NutreStore™ should be administered as a cotherapy with recombinant human growth hormone [see the package insert for somatotropin (rDNA origin) for injection for full prescribing information] followed by continued NutreStore™ for up to 16 weeks.
The recommended dosage of NutreStore™ is 30 g daily in divided doses (5 g taken 6 times each day orally) for up to 16 weeks. Each dose of NutreStore™ (5g) should be reconstituted in 8-oz (250-mL) of water prior to consumption.
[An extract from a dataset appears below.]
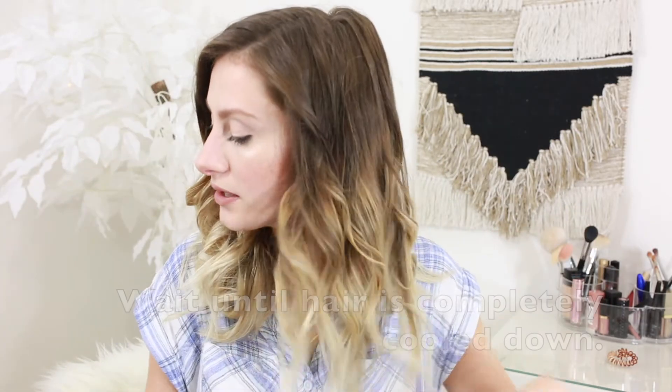Now that it's all curled, I'm just going to add a little bit of hairspray. I like to kind of scrunch it and just run your fingers through it — and that's it, that's how you curl your hair with a flat iron, super easy. I hope you guys enjoyed that video, and if you did please subscribe to my channel, and I will see you guys in my next video.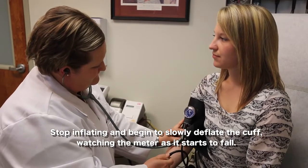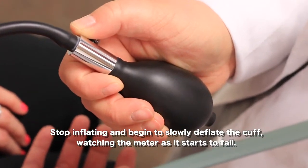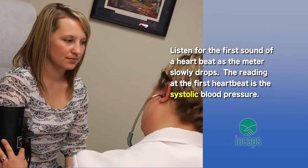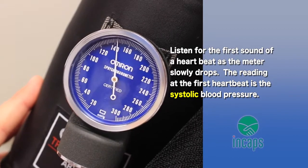As the cuff starts to come down, we release pressure from the bladder valve and listen through the stethoscope for certain sounds. The first measurement is when we start to hear a heartbeat again through the stethoscope — that will be our systolic blood pressure, which is the pressure in the blood vessels when the heart is pumping.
NutreStore™ should be taken with meals or snacks at 2- to 3-hour intervals while awake. The volume of water may be varied according to the patient's preference. In the event of a patient's transient intolerance to oral intake, a dose may be delayed for up to 2 hours. The safety and efficacy of NutreStore™ have not been studied beyond 16 weeks of treatment.
NutreStore™ is supplied in preprinted paper-foilplastic laminate packets containing 5 g of L-glutamine powder.
NutreStore™ (L-glutamine powder for oral solution) should be stored at 25°C (77°F) with excursions allowed to 15°-30°C (59°-86°F). [See USP Controlled Room Temperature].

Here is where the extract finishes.